Review - 'Black Panther'
Marvel Studios is so remarkably consistent that I pretty much go into every one of their movies expecting that I will at least be entertained, if not moved. Even though the quality of these films are so reliably high, there are aspects of them that have begun to seem routine, that is until Marvel shakes it up again every three-to-four movies or so. Think Iron Man, The Avengers, Guardians of the Galaxy, The Captain America trilogy; all films that tested the sturdy support beams that make up the Marvel Cinematic Universe. Well, Add Black Panther to that growing list of groundbreaking films in the Marvel Studios pantheon.
Ryan Coogler's Black Panther follows T'Challa, a prince of Wakanda who's father, King T'Chaka, recently perished during the events of Captain America: Civil War. T'Challa, who is also the power-enhanced Black Panther, must assume the role of King of Wakanda and find out the true importance of being a leader and what role he has to play in the rest of the outside world.

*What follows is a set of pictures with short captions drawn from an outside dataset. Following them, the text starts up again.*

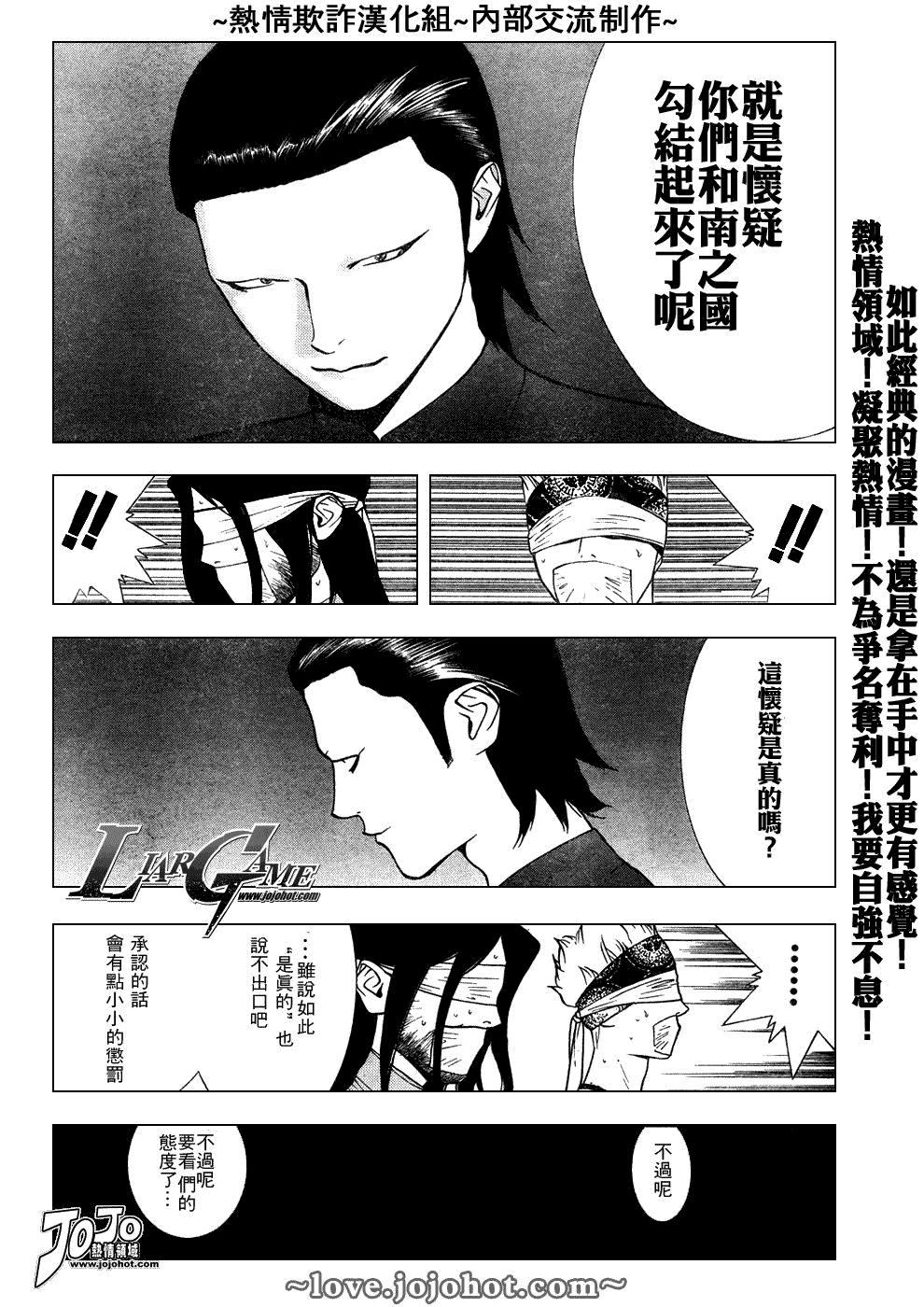 《欺诈游戏》漫画 050集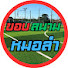 xHQFvRsw9M8-channel-avatar-ขอบสนามหมอลำ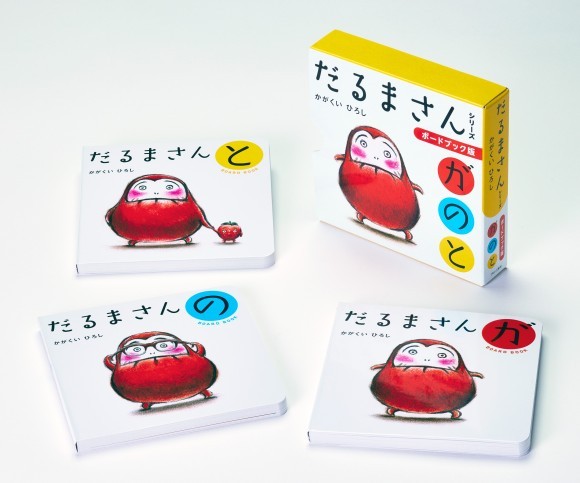 かわいいケースで泣く子も笑う赤ちゃん絵本 『ボードブック版 だるまさんシリーズ3冊ケース入り』6月20日（木）発売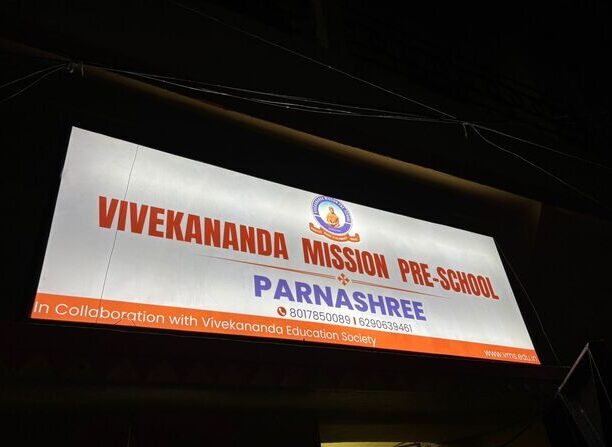Parnashree
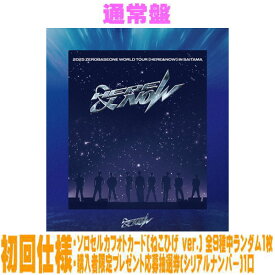 【オリコン加盟店】通常盤[初回仕様]★フォトカード1枚★シリアル1口封入★レターボックス仕様★メンバー別カスタマイズジャケット1枚■ZEROBASEONE Blu-ray+カスタマイズジャケット【2025 ZEROBASEONE WORLD TOUR [HERE&NOW] IN SAITAMA】26/2/25発売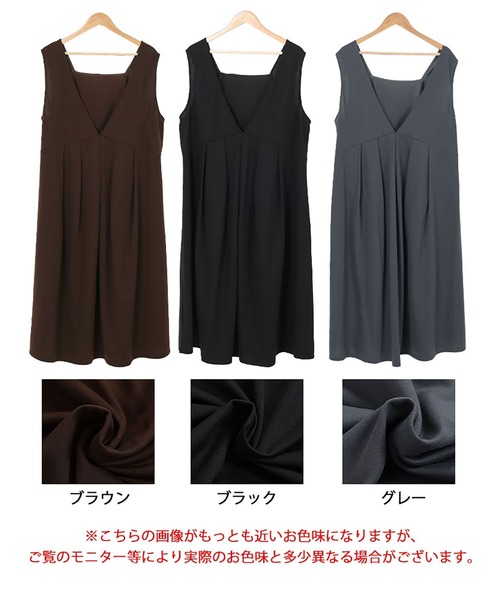 GOLDJAPAN(ゴールドジャパン)の「前後2wayタックジャンパースカート【大きいサイズ対応】(ジャンパースカート・レディース・グレー/ブラウン/ブラック・4L~5L/LL~3L)」の5枚目の写真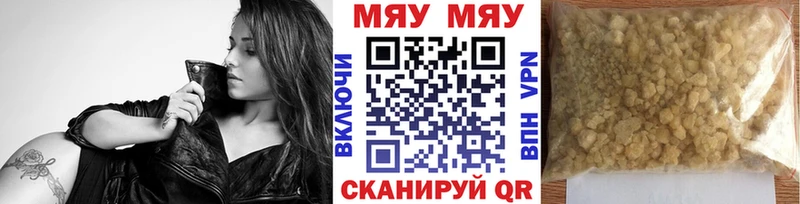 МЕФ мука  где купить наркоту  Искитим 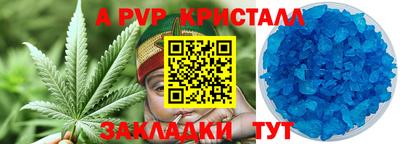 2c-b Чебоксары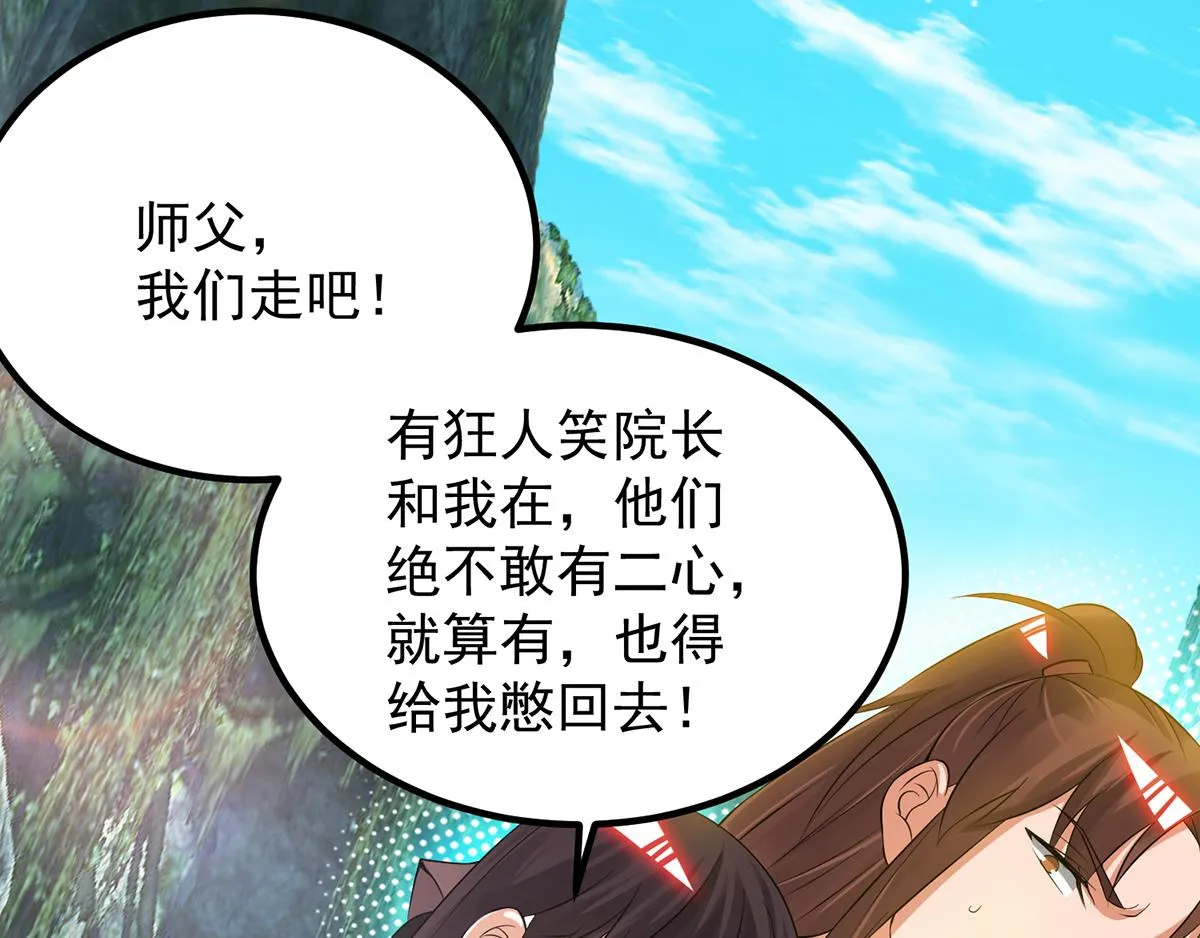 第70话 师傅选一个吧？ 第70页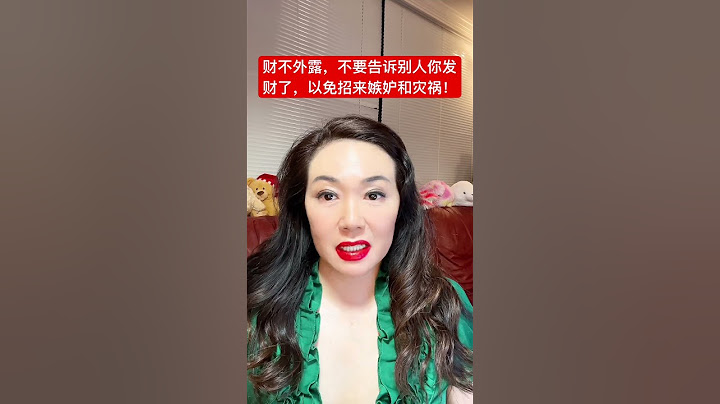 活得明白：财不外露，不要告诉别人你的财富，以免招来嫉妒和灾祸。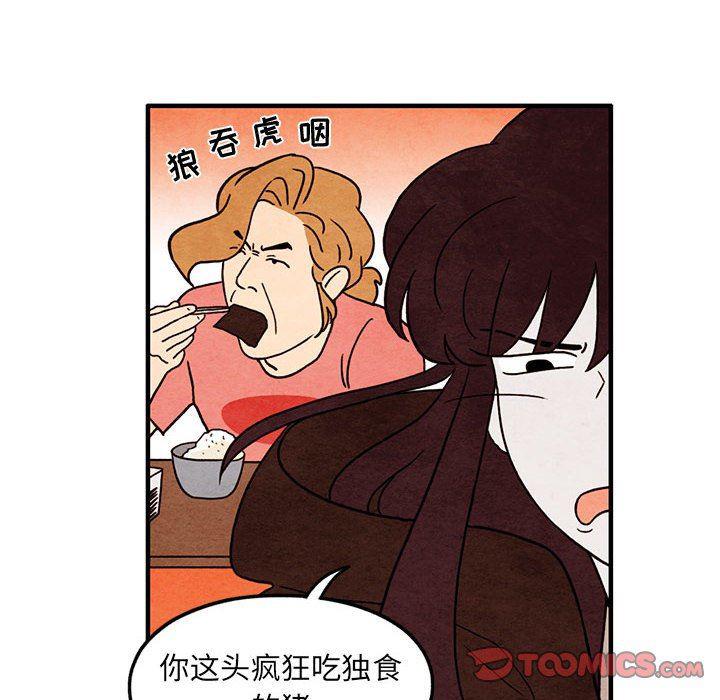 热血江湖漫画韩漫全集-第39话无删减无遮挡章节图片 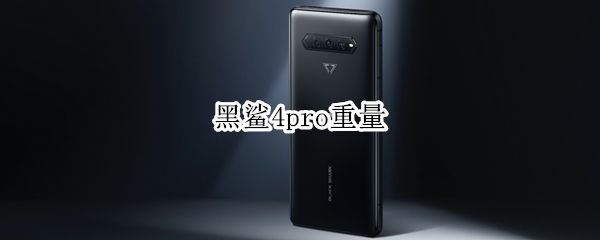 黑鲨4pro重量 黑鲨四pro厚度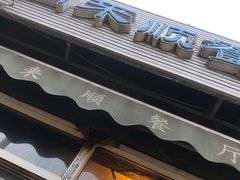 门面-同来顺烧烤餐厅(哈尔滨道店)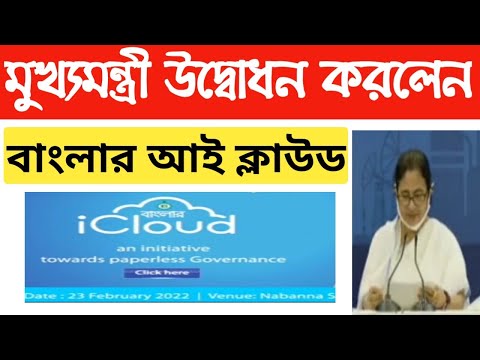 Mamata banerjee inaugurate Banglar i Cloud, West Bengal state integrated portal EODB, BANGLA I CLOUD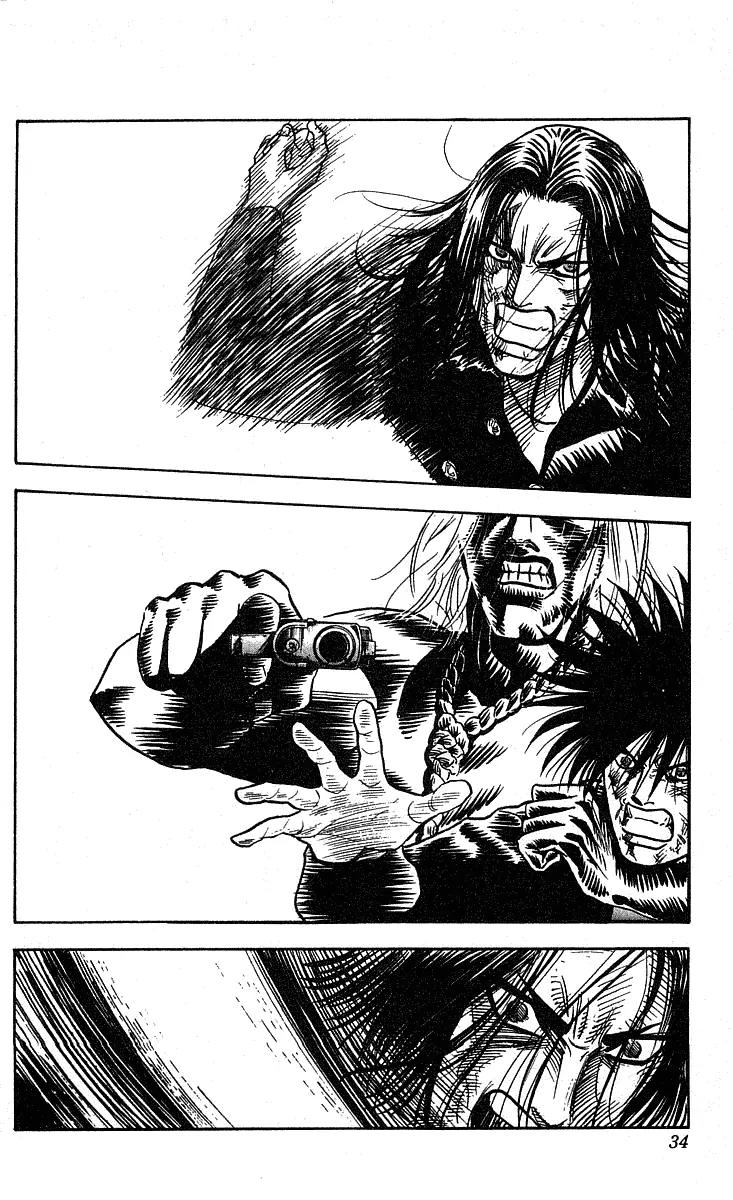 Hareluya II Boy Chapter 225 page 8 - Chapter 225: Kaze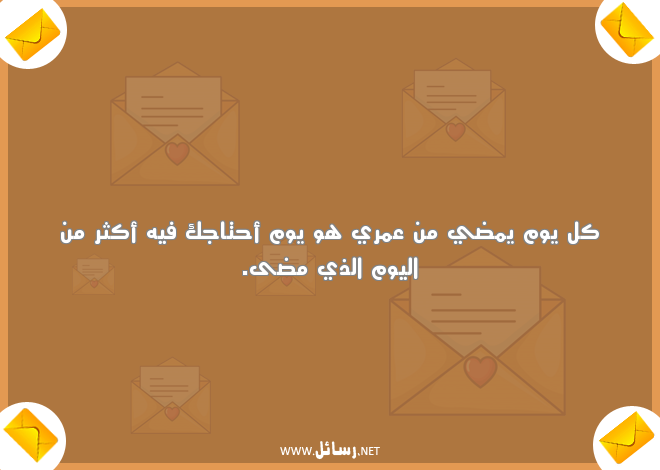 مسجات شوق للحبيب نار,رسائل اليوم,رسائل حب,رسائل حبيب,رسائل نار,رسائل مسجات,رسائل شوق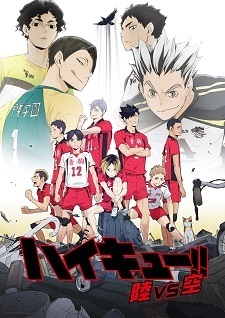Haikyuu!! Jump Festa 2020 Special, Haikyuu!! OVA, Haikyuu!!: Land vs Sky, Haikyuu!!: The Volleyball Way, Haikyuu!!: Ball no Michi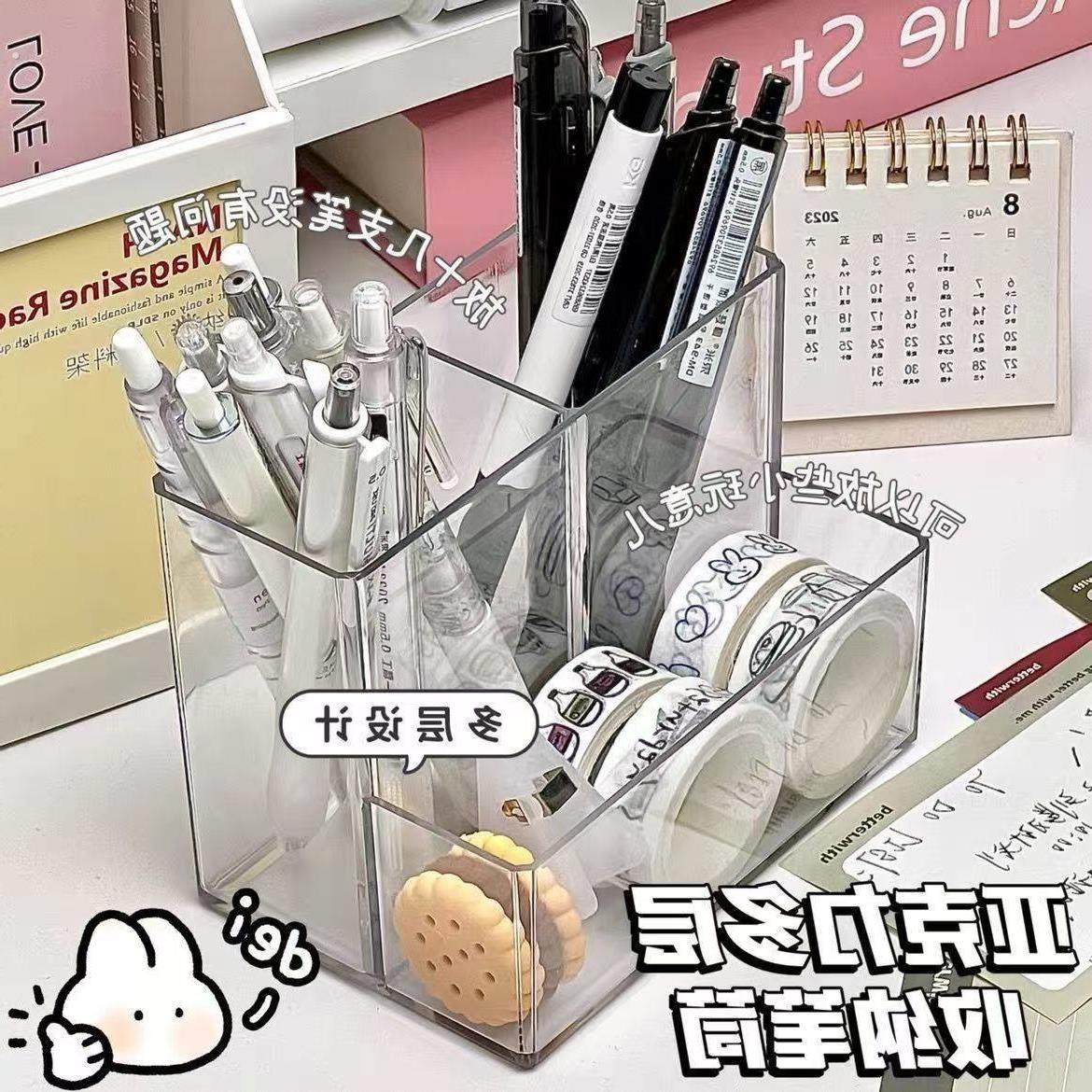 透明五格亚克力笔筒ins高颜值收纳盒办公桌收纳方形塑料笔筒收纳,文具电教/文化用品/商务用品,笔筒,淘宝优惠券,粉丝福利购,淘宝优惠卷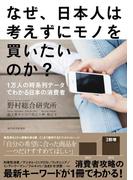 なぜ、日本人は考えずにモノを買いたいのか？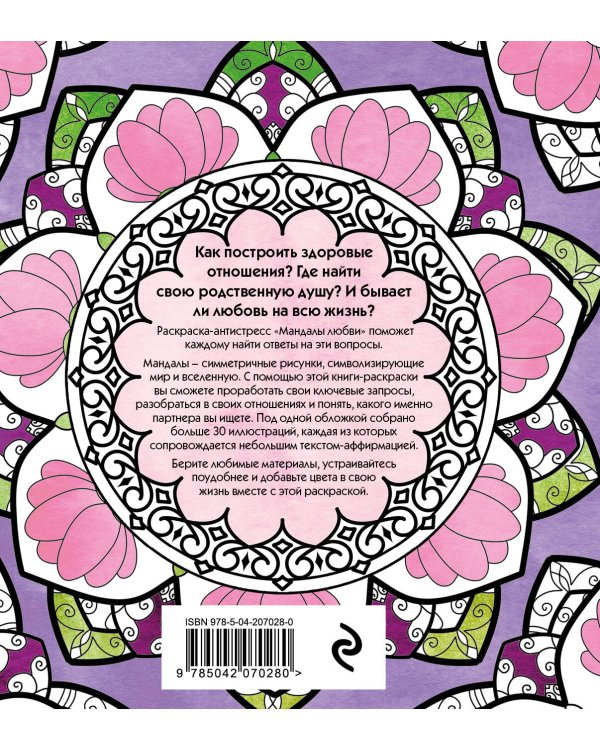 Мандалы любви. Раскраска-антистресс для крепких и здоровых отношений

Black Panther doesn't just entertain in the ways that Marvel films always do, it also teaches its audience and leads by example, just like any good king should. This is a confident film that struts its stuff while also showing very human strength and vulnerability. I also can't even begin to explain how happy I am that African Americans finally have a huge-budget (Blade is nowhere near as big as this) superhero film to call their own, and a damn good one at that.
Running at two hours and fourteen minutes, Black Panther is actually one of the longer Marvel films to come around, but it sure doesn't feel like it. Coogler paces this film very well, doling out interesting plot points and interactions at a satisfying clip. It's rare that you see a film that is so well-balanced. This is mostly due to Coogler prioritizing great characters and character moments over the glitz and glam that you would normally associate with blockbusters.
What really makes Black Panther tick though, is its ability to give every character; hero, villain or otherwise, real and believable motivations. There's no mustache-twirling bad guy in this one, just a justifiably pissed-off man with some legitimate reasons to back up his actions. Coogler also takes a different approach to our hero, Black Panther. This is a man in a position that no other Marvel character has been in; he has the duel role of being a king and being Black Panther, and because of that, he has to weigh the consequences of every decision he makes in a completely different way.
The cast in Black Panther is top-notch. Chadwick Bozeman puts in a great, and surprisingly under-stated performance as the titular Black Panther. He has that necessary regal-ness about him while also being believable as a fierce warrior when push comes to shove. There's also a suite of powerful woman in Black Panther, all of which play very different and interesting characters. Lupita Nyong'o plays Nakia, T'Challa's former lover and an undercover agent for Wakanda, Nyongo does a great job giving her character an independence and determination that feels genuine, and not preachy to a feminist audience. Danai Gurira, who portrays Okoye, the head of the king's bodyguards, gets the most no-nonsense role of the bunch. Gurira gives a commanding performance and every time she was on-screen I could not take my eyes off of her. Letitia Wright plays T'Challa's sister, Shuri, and while she plays a smart, quirky and overall likable character, she needed a bit more to really stand out.
Now we come to Michael B. Jordan, who plays Erik Stevens AKA "Killmonger". Finally we have another fully-fleshed out and interesting villain in a Marvel Studios film. Marvel has finally addressed their villain issue in their past few films; Kurt Russell was great as Ego, Michael Keaton was perfect as Vulture, but neither of them hit quite like Michael B. Jordan has here. Killmonger transcends the "villain-of-the-week" distinction mainly because you can identify with his point of view, even though he clearly takes his beliefs too far. Rounding out the cast we have Andy Serkis playing the delightfully maniacal Ulysses Klaue. Martin Freeman gets a lot more to do here as Everett Ross. Finally Daniel Kaluuya and Forest Whitaker give good performances as W'Kabi and Zuri, respectively.
Wakanda is also very well-realized and looks like nothing I've ever seen in the Marvel Universe, or anywhere for that matter. The African city-scape that is brimming with highly advanced technological wonders is magnificent to behold. The characters that inhabit it are even more impressive and memorable.
My only real issues with Black Panther revolve around the CGI, which is inexcusably bad during certain segments of the film. I'm not kidding when I say that one of the sequences featuring two combatants towards the end of the film looks no better than the CGI monotony on display in Ben Affleck's Daredevil. I don't get how a movie can make it's backdrops and scenery look so amazing through the use of CGI, but can't make a simple black suited hero look good during certain action sequences. That said, there is a very well-executed action sequence in the mid-section of this movie that easily stands out from the rest. Also, there are some brutal one-on-one rite-of-passage fights that are exhilarating and really pack a punch.
Black Panther is another high-watermark for Ryan Coogler and Marvel Studios. It's one of those films that had me really interested in where they might go from here and reinforced my faith in what the studio is capable of. Black Panther is not a perfect film, but it has a lot of interesting things on its mind, memorable characters and is an absolute blast to watch.